Provides comprehensive, unbiased model evaluation following ML best practices. Goes beyond simple accuracy to evaluate models across multiple dimensions, ensuring confident deployment decisions.
from specweave import ModelEvaluator
evaluator = ModelEvaluator(
model=trained_model,
X_test=X_test,
y_test=y_test,
increment="0042"
)
# Comprehensive evaluation
report = evaluator.evaluate_all()
# Generates:
# - .specweave/increments/0042.../evaluation-report.md
# - Visualizations (confusion matrix, ROC curves, etc.)
# - Statistical tests
# Model Evaluation Report: XGBoost Classifier
## Overall Performance
- **Accuracy**: 0.87 ± 0.02 (95% CI: [0.85, 0.89])
- **ROC AUC**: 0.92 ± 0.01
- **F1 Score**: 0.85 ± 0.02
## Per-Class Performance
| Class | Precision | Recall | F1 | Support |
|---------|-----------|--------|------|---------|
| Class 0 | 0.88 | 0.85 | 0.86 | 1000 |
| Class 1 | 0.84 | 0.87 | 0.86 | 800 |
## Confusion Matrix
[Visualization embedded]
## Cross-Validation Results
- 5-fold CV accuracy: 0.86 ± 0.03
- Fold scores: [0.85, 0.88, 0.84, 0.87, 0.86]
- No overfitting detected (train=0.89, val=0.86, gap=0.03)
## Statistical Tests
- Comparison vs baseline: p=0.001 (highly significant)
- Comparison vs previous model: p=0.042 (significant)
## Recommendations
✅ Deploy: Model meets accuracy threshold (>0.85)
✅ Stable: Low variance across folds
⚠️ Monitor: Class 1 recall slightly lower (0.84)
from specweave import compare_models
models = {
"baseline": baseline_model,
"xgboost": xgb_model,
"lightgbm": lgbm_model,
"neural-net": nn_model
}
comparison = compare_models(
models,
X_test,
y_test,
metrics=["accuracy", "auc", "f1"],
increment="0042"
)
Output:
Model Comparison Report
=======================
| Model | Accuracy | ROC AUC | F1 | Inference Time | Model Size |
|------------|----------|---------|------|----------------|------------|
| baseline | 0.65 | 0.70 | 0.62 | 1ms | 10KB |
| xgboost | 0.87 | 0.92 | 0.85 | 35ms | 12MB |
| lightgbm | 0.86 | 0.91 | 0.84 | 28ms | 8MB |
| neural-net | 0.85 | 0.90 | 0.83 | 120ms | 45MB |
Recommendation: XGBoost
- Best accuracy and AUC
- Acceptable inference time (<50ms requirement)

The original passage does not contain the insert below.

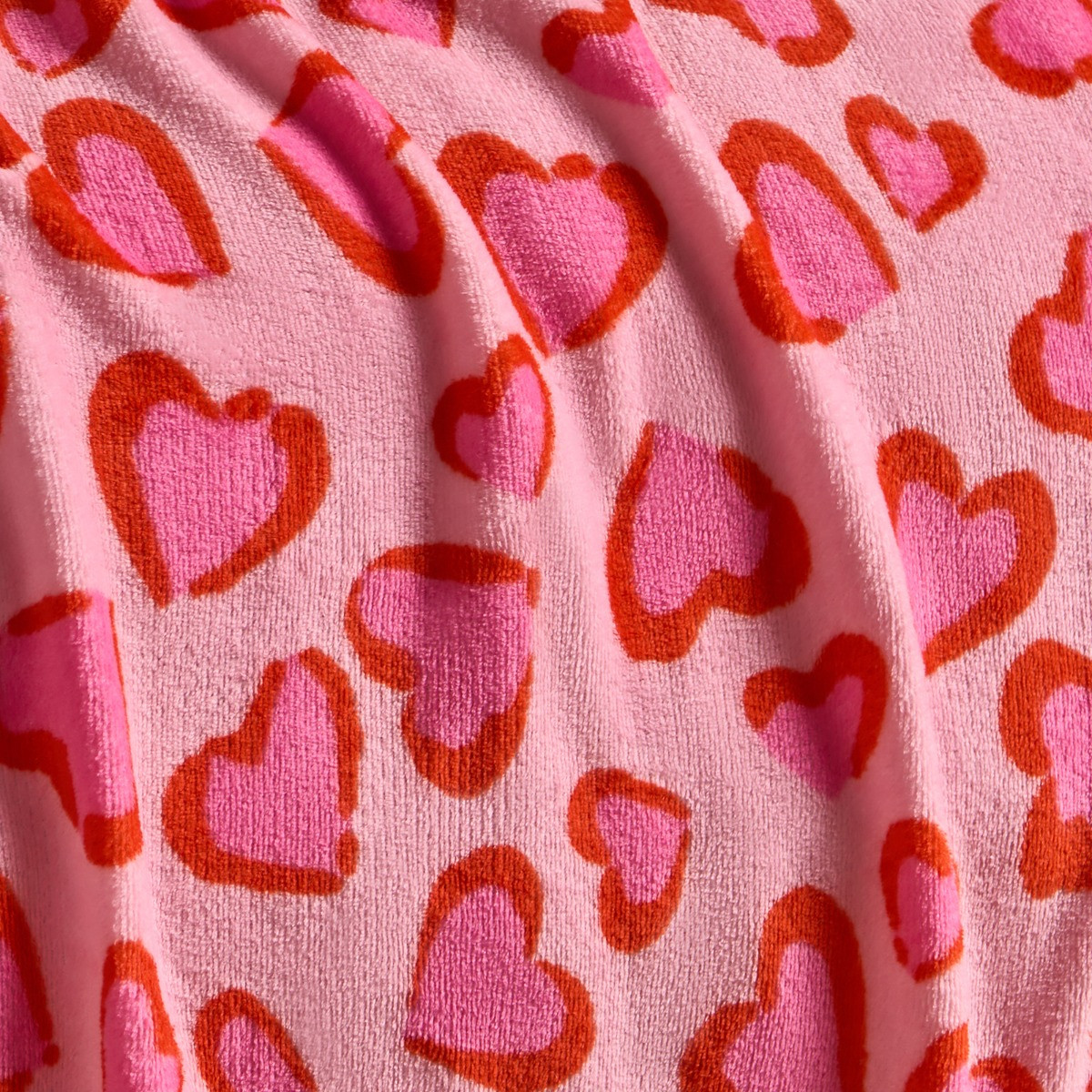 OHS Heart Leopard Print Fleece Throw - Pink/Red>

- Good size/performance tradeoff
# Evaluate model in increment
/ml:evaluate-model 0042
# Compare all models in increment
/ml:compare-models 0042
# Generate full evaluation report
/ml:evaluation-report 0042
Evaluation results automatically included in increment COMPLETION-SUMMARY.md.